(Listed entries)
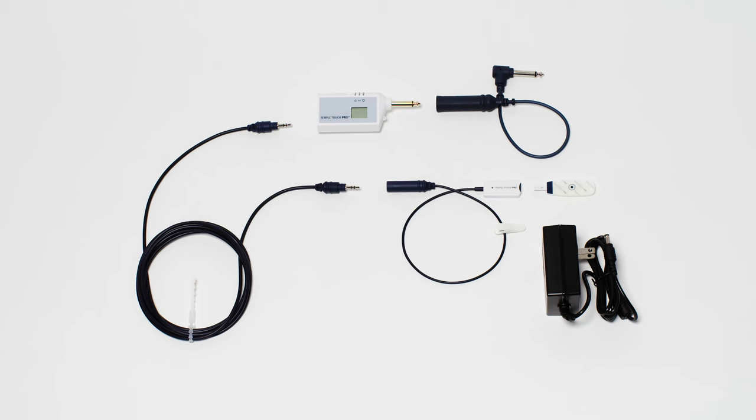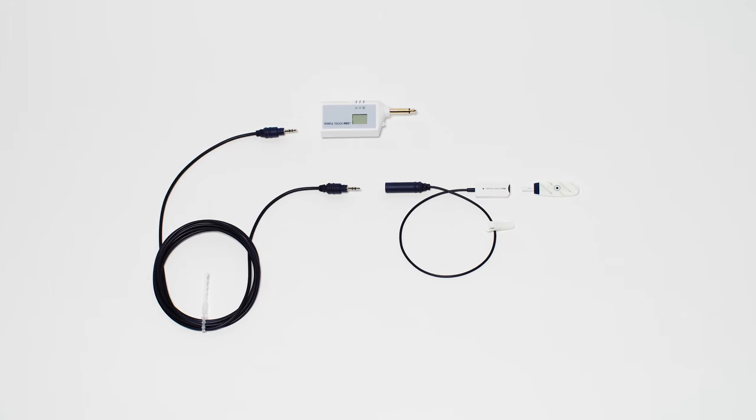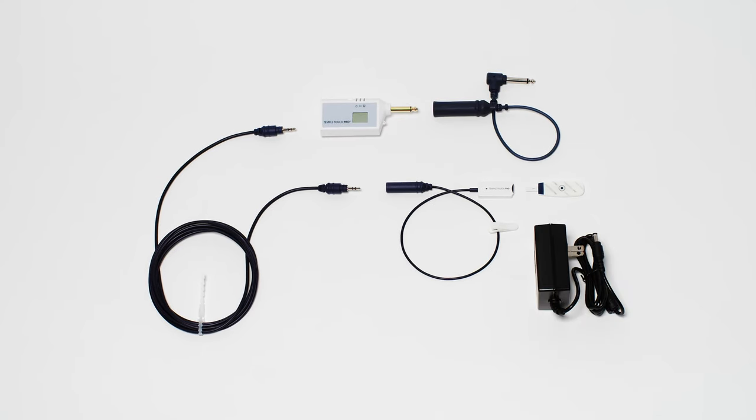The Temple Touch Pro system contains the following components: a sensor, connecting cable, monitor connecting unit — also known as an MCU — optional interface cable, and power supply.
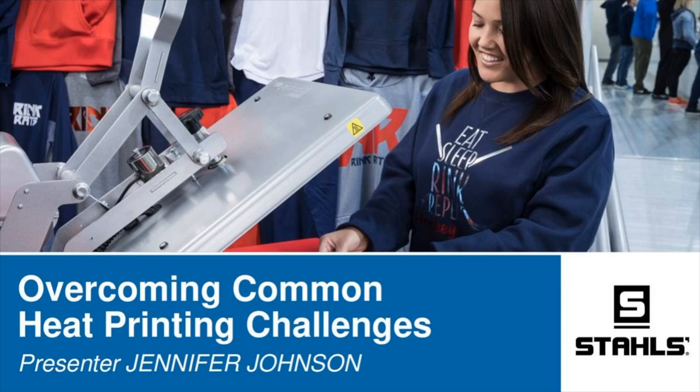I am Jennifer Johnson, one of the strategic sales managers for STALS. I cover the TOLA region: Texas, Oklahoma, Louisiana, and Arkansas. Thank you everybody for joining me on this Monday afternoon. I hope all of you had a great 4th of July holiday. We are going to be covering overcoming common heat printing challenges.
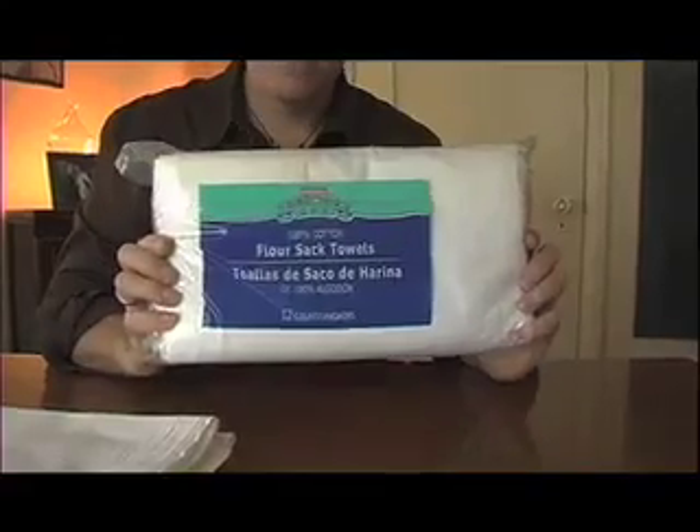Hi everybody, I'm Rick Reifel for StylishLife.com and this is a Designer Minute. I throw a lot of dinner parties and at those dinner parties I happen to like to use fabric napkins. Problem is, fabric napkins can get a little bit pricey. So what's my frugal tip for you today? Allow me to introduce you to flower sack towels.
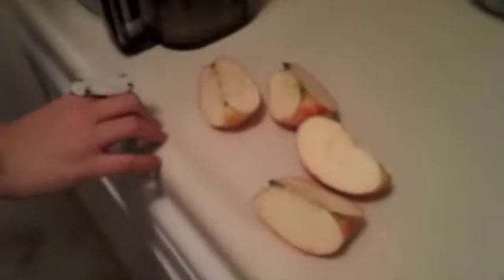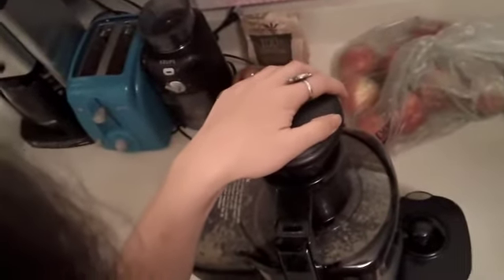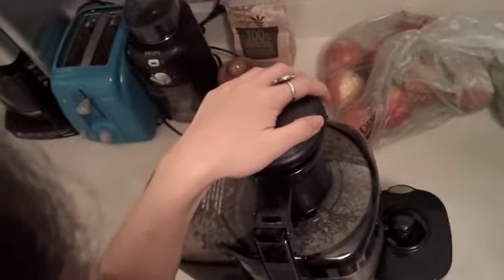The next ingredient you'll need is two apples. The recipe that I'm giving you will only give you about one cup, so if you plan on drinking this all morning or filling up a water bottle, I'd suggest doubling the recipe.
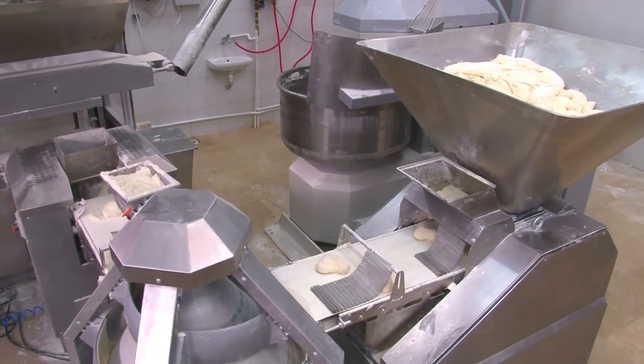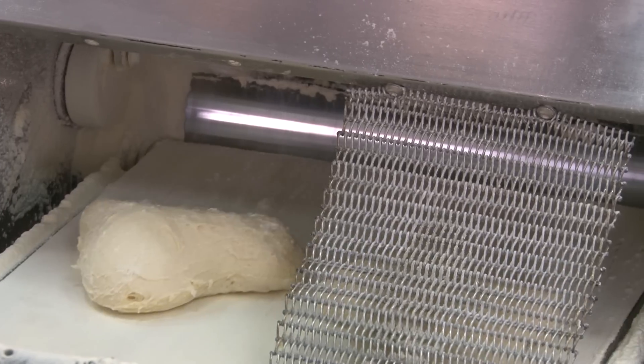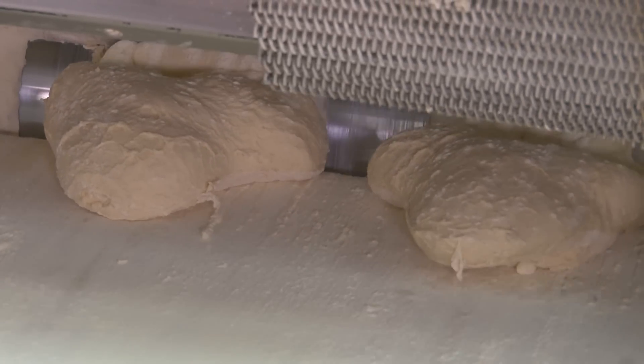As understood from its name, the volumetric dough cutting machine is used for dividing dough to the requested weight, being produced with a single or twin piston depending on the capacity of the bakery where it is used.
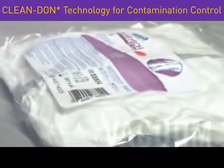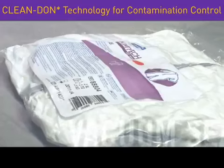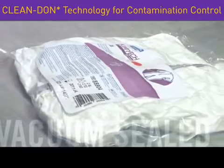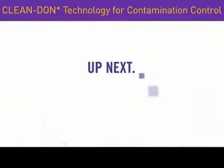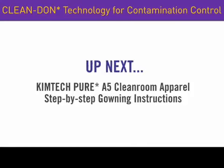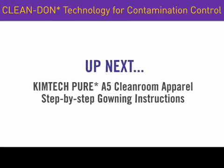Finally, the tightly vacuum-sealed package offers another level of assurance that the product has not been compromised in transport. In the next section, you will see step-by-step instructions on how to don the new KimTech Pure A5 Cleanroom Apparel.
(End Listed entries)
Requirement |
Repeat the data verbatim through the "I am Jennifer" line, no pictures.

Response |
The Temple Touch Pro system contains the following components: a sensor, connecting cable, monitor connecting unit — also known as an MCU — optional interface cable, and power supply.
I am Jennifer Johnson, one of the strategic sales managers for STALS. I cover the TOLA region: Texas, Oklahoma, Louisiana, and Arkansas. Thank you everybody for joining me on this Monday afternoon. I hope all of you had a great 4th of July holiday. We are going to be covering overcoming common heat printing challenges.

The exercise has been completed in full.